The Exiled Blade (The Assassini) - By Jon Courtenay Grimwood Page 0,102

scowling furiously, took the flaming torch he was offered. Together, archers, priest and sergeant crossed the creaking bridge, stopped at the sergeant’s shouted order, and raised their bows towards the walls. The priest ambled down the line lighting arrows.

“Release them.”

A ragged cheer went up from Marco’s troops as the volley rose high and dropped towards the cathedral. A few stuck, the rest dropping away to fizzle out on the rocks below. “And again,” Marco ordered.

The villagers notched new fire arrows and the priest shuffled forward with his flaming brand, glancing nervously towards the cathedral. The air was unusually still for so far out on the ice, and the valley quiet. Not even the sound of a distant bird broke the silence. “Get on with it,” the sergeant shouted.

The priest lit the arrows and the men released their bowstrings.

This time the army watched in silence the arc the arrows made as they flamed into the clear blue sky and then fell towards the cathedral’s wooden walls. A few more stuck this time and the sergeant grinned. The villagers fitted new arrows without being ordered, moving like dead men or puppets, not looking at each other or at their priest, simply replenishing their bows and waiting.
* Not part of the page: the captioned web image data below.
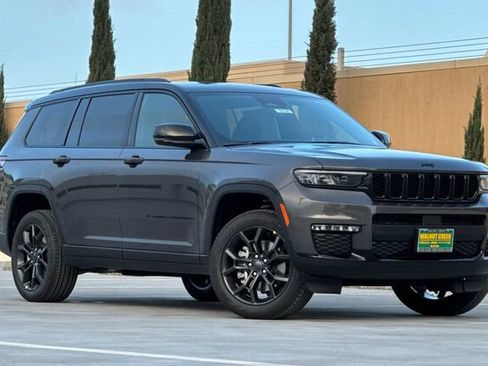 New 2025 Jeep Grand Cherokee L Limited image 2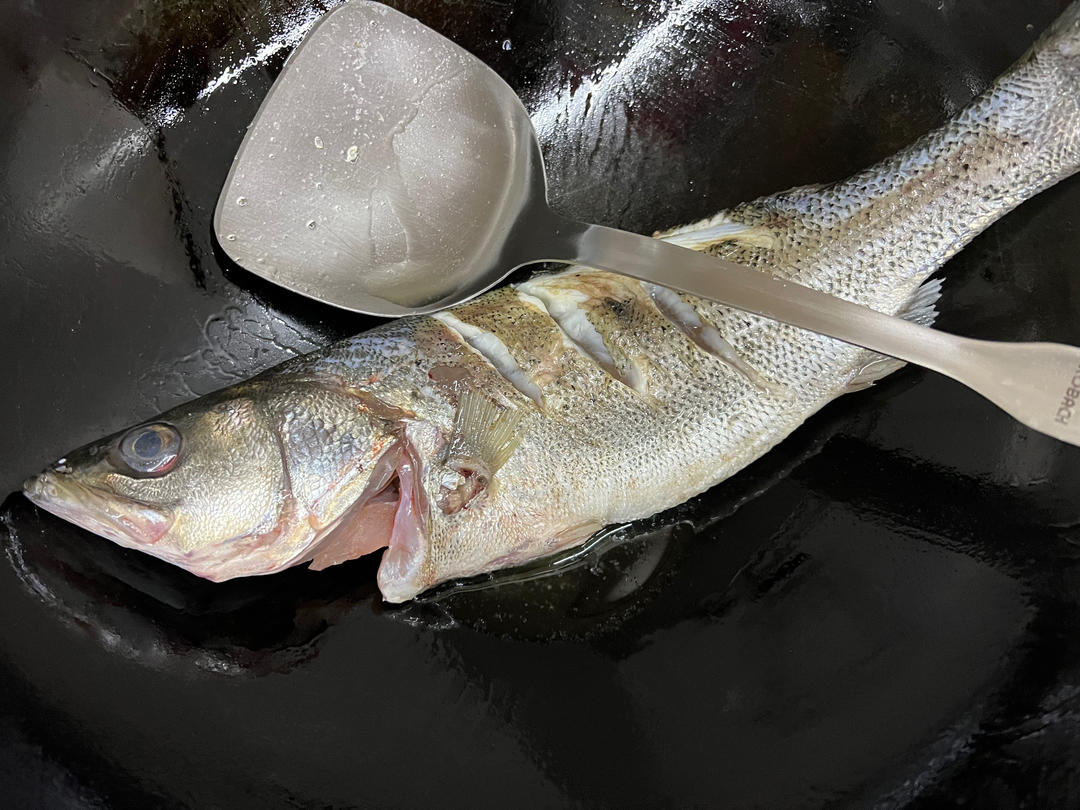 酸辣豆花鱼【4月北鼎珐琅锅食谱】
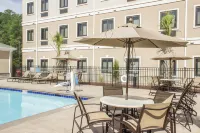 Staybridge Suites Jacksonville-Camp Lejeune Area Hotels in Jacksonville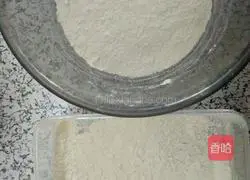 Illustration of how to make red and white sugar steamed buns 6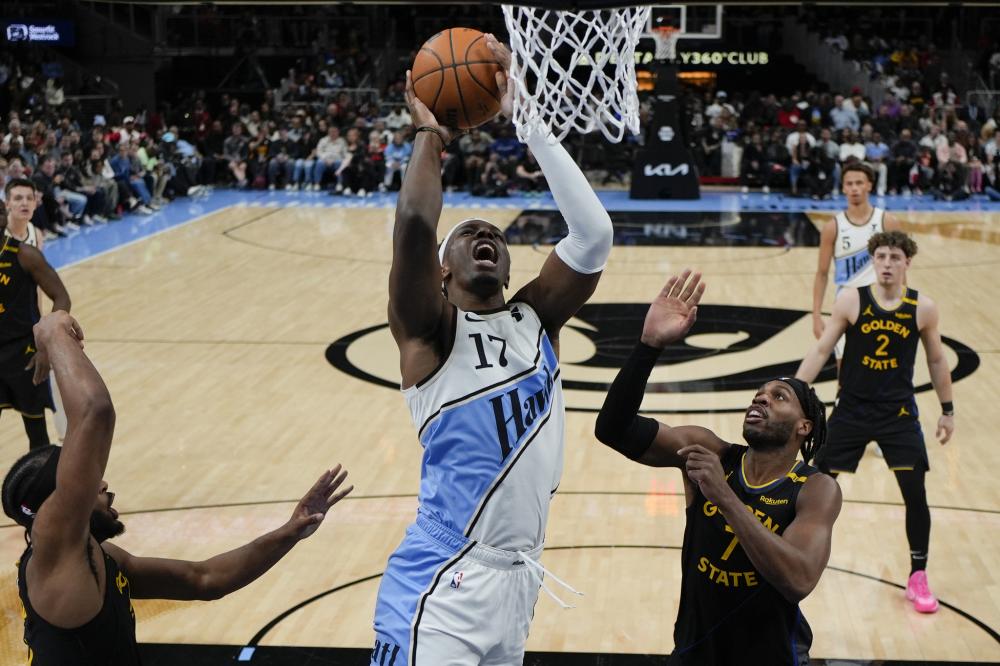 球色生香 ｜ 他是辽篮旧将，错过总冠军中传校花，却顶薪迎娶白富美.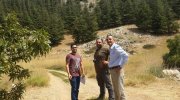 كمال قاقيش أحد باحثو معهد وانا، يقدم مشروع في أحد مواقع الحمى بالإضافة الى محمية   أرز الشوف في لبنان.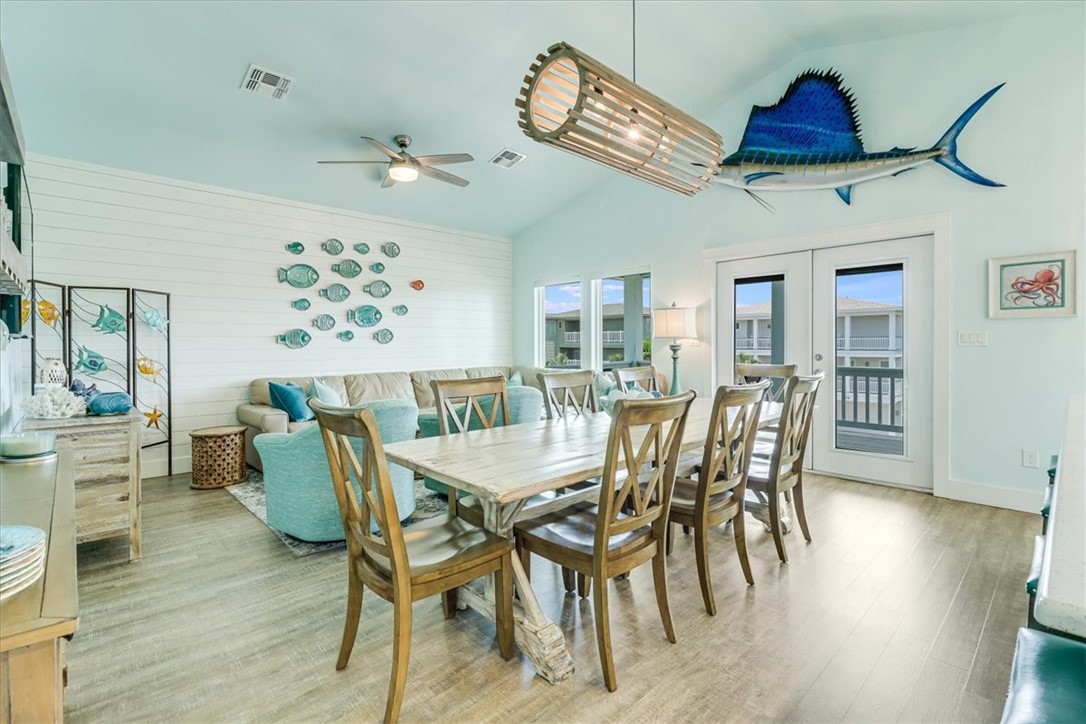 835 Ocean Side Property Photo 4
“I don’t like it,” Frederick whispered.

Although the air hung heavy there were no thunderclouds in the sky and no sign of a storm on the horizon. Giulietta nodded her agreement. It was too quiet and she felt exposed out here, as if the mountains were watching. “What’s that?” she demanded. The crack sounded as loud as the absent thunder, and she looked at the ice below her horse’s hooves to check it was still firm. Others were looking around for the source of the noise.

“Light those arrows,” Marco ordered.

The bearded priest shambled forward, the flaming torch in his hand, and was readying to light the first arrow when the sergeant yelled a warning. The priest spun faster than seemed possible for such a big man, looking every which way but up, and that was how he found himself standing headless, before toppling sideways to stain the ice a vivid red. A ragged shadow dropped his head and it landed with a thud, rolling along the ice like a ball.
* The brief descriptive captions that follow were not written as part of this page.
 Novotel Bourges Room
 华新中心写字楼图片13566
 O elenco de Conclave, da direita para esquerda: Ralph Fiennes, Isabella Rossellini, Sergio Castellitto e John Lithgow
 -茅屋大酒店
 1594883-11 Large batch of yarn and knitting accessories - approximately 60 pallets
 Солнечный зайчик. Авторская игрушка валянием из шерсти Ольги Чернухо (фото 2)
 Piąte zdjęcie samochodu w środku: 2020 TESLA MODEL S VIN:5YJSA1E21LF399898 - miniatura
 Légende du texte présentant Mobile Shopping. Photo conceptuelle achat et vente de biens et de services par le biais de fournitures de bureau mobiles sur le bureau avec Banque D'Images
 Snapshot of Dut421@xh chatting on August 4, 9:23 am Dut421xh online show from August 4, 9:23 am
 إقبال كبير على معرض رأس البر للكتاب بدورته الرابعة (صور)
Turning, Giulietta spewed noisily.

“What the f-fuck was t-that?”

“Not sure,” Frederick said. “But there’s another.” He pointed to an onion dome on the cathedral. “See it?”
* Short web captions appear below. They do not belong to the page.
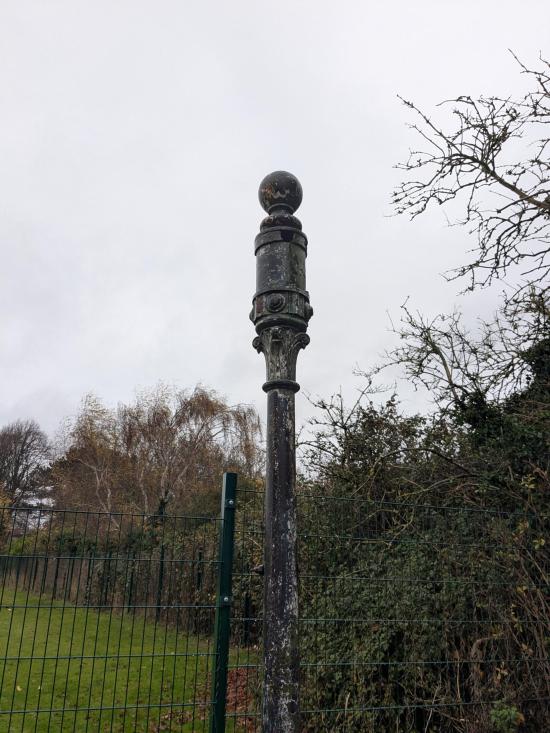 Cast Iron Lamppost?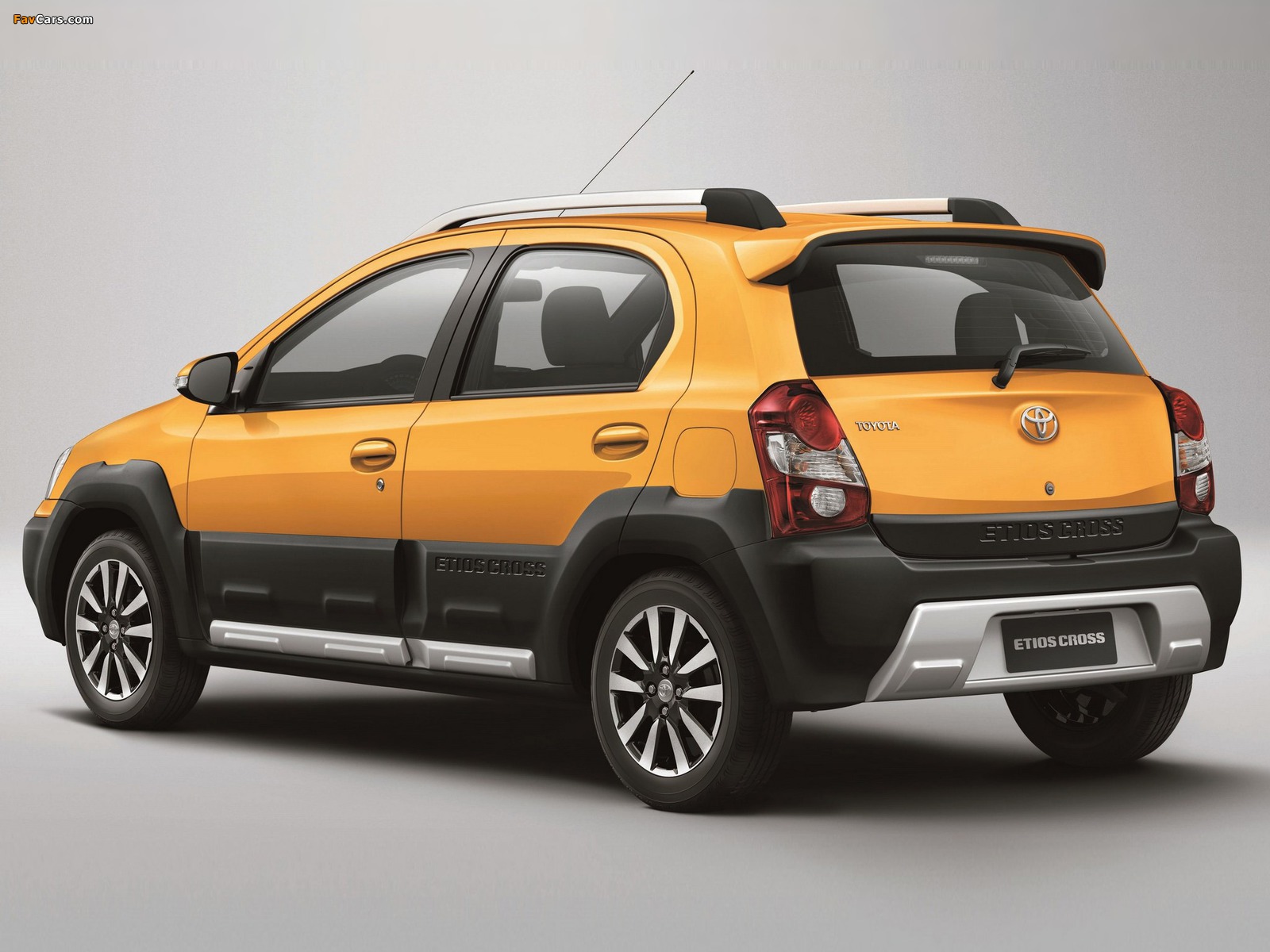 Toyota Etios Cross 2013 wallpapers (1600 x 1200)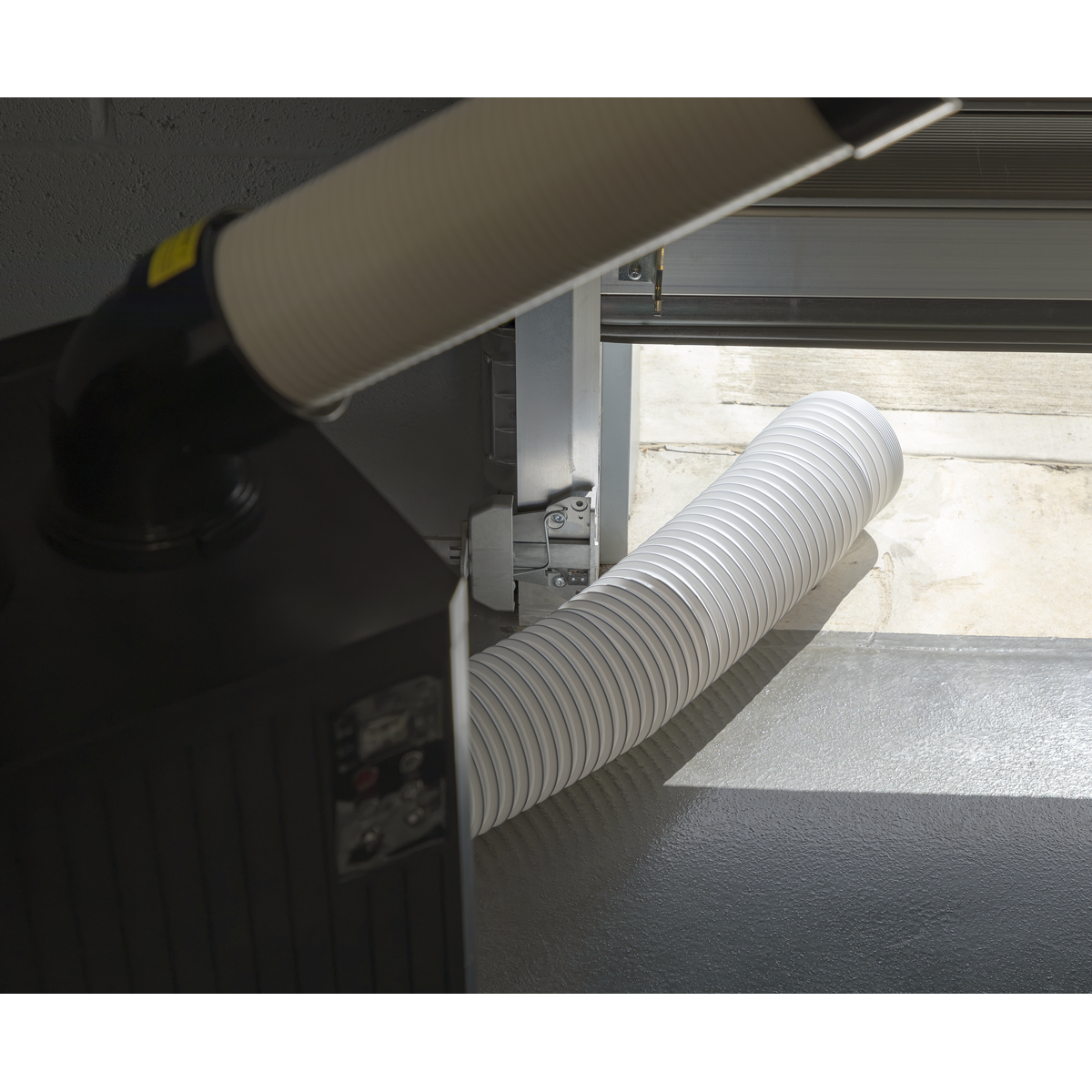 Industrial Spot Cooler Air Conditioner/Dehumidifier/Air Cooler 8,500Btu/hr (2.5kW) SAC8500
“M-my eyes aren’t that g-good.”

“Can y-you s-see it?” Marco asked Giulietta.

“Looks like a bird with the head of a lizard,” she said.

“Like big b-bats?”

“Not really. More like gargoyles.”

“Does it matter?” Frederick asked, as Marco summoned an officer and told him to make the archers fire another volley.

“Of course it d-does. If I don’t know what they l-look like h-how can I work out w-what they are? If I don’t k-know what they are h-how can I d-defeat them? Pity Tycho’s n-not here. He’s g-good at things like t-this.”

“He’s good at most things,” Frederick said bitterly.

Giulietta leant across and touched his wrist. With a scowl, he shook her off and withdrew. Since this involved making his mount walk backwards she was almost as impressed as she was irritated.

“You n-need to choose,” Marco said.

“Marco . . .”

“I’m s-serious. Which do you l-love?”

She thought about it. “Both, if I’m honest.”

“I was a-afraid of that.” He nodded to an officer, who said something to the sergeant, who shouted an order. The villagers notched new arrows and the sergeant took a fresh torch.

“W-wait . . .” Marco ordered. It seemed he wanted a line of Venetian bowmen behind the villagers. They, too, should have naphtha-tipped arrows – but their job was to kill whatever it was before it could kill the sergeant.

Weirdly brilliant, thought Giulietta, seeing her cousin wide-eyed and excited by his own plan. But not really in the same world as the rest of us. She watched as Venetian archers hurried over the barrel bridge and drew up in a line. The officer went after them and took a lighted torch for himself.

“When y-you’re r-ready.”

As the first line raised their bows, a swirl of light-swallowing darkness detached itself from the cathedral roof and the sergeant and officer ran down the double line of bowmen lighting arrows.

“F-first line, f-fire.” Arrows rose and fell towards the cathedral, but everyone except the second line of archers was watching Marco, who was squirming with excitement. “S-second line, f-fire.” His bowmen had their arrows in the air before Marco finished the order.

The beast swirled away at the last second.